[INPUT DATA]
-.-.-

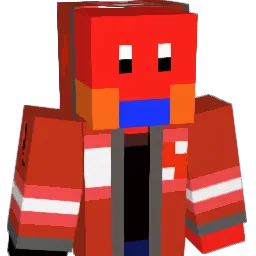 _Inator_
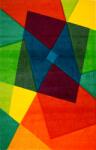 Kolibri Covor Modern, Kolibri 11486, Diverse Dimensiuni, 2200 gr mp (2211698553572) Covor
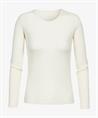 Mey T-shirt Exquisite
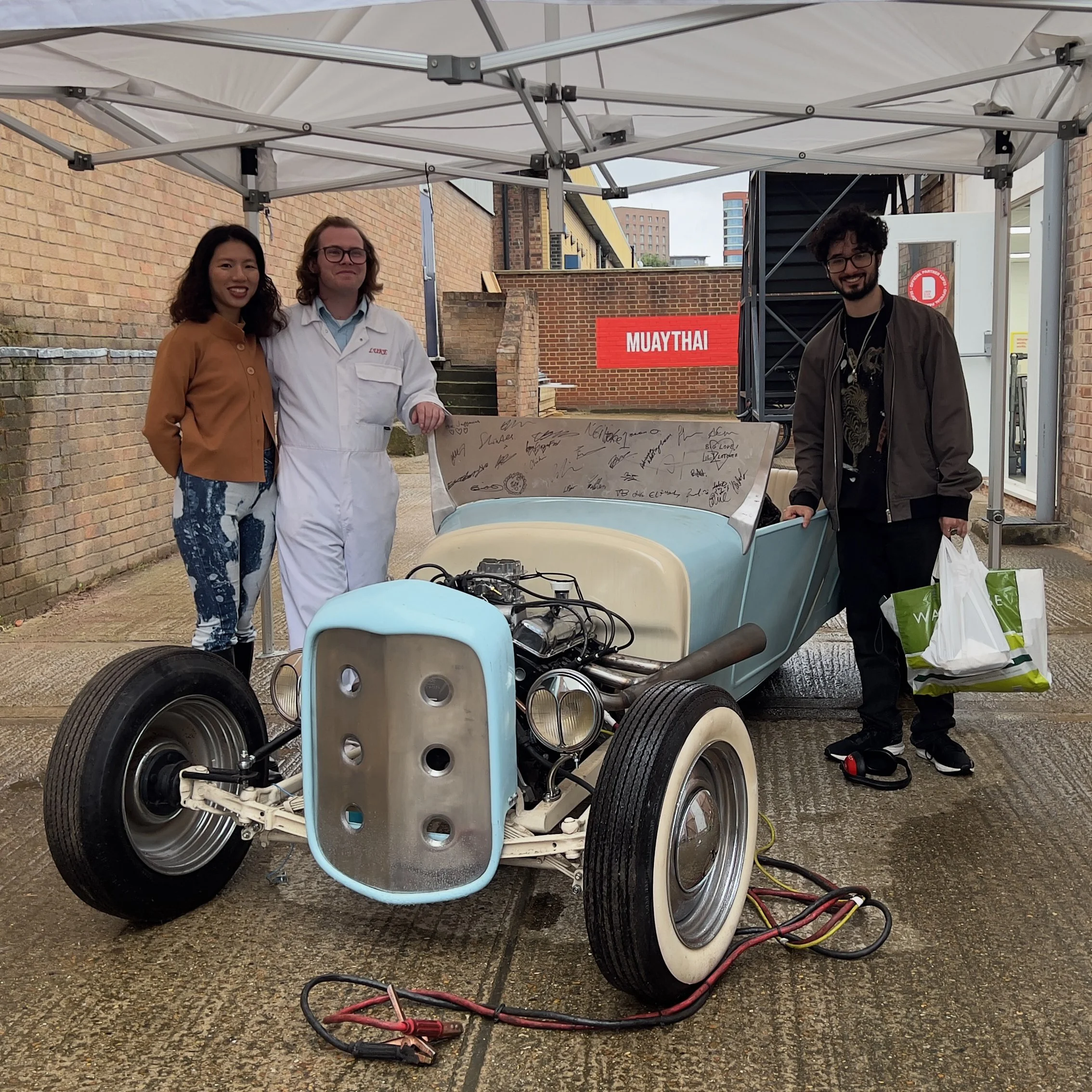 250929 161218 LDF25  2268x2268.jpeg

-.-.-

[WHAT YOU WILL DO] All that is needed is an exact copy of the lines from the line with "Kolibri Covor Modern, Kolibri" through the end of the listing, both ends included, with no pictures.

[ANSWER SPACE]
 Kolibri Covor Modern, Kolibri 11486, Diverse Dimensiuni, 2200 gr mp (2211698553572) Covor
 Mey T-shirt Exquisite
 250929 161218 LDF25  2268x2268.jpeg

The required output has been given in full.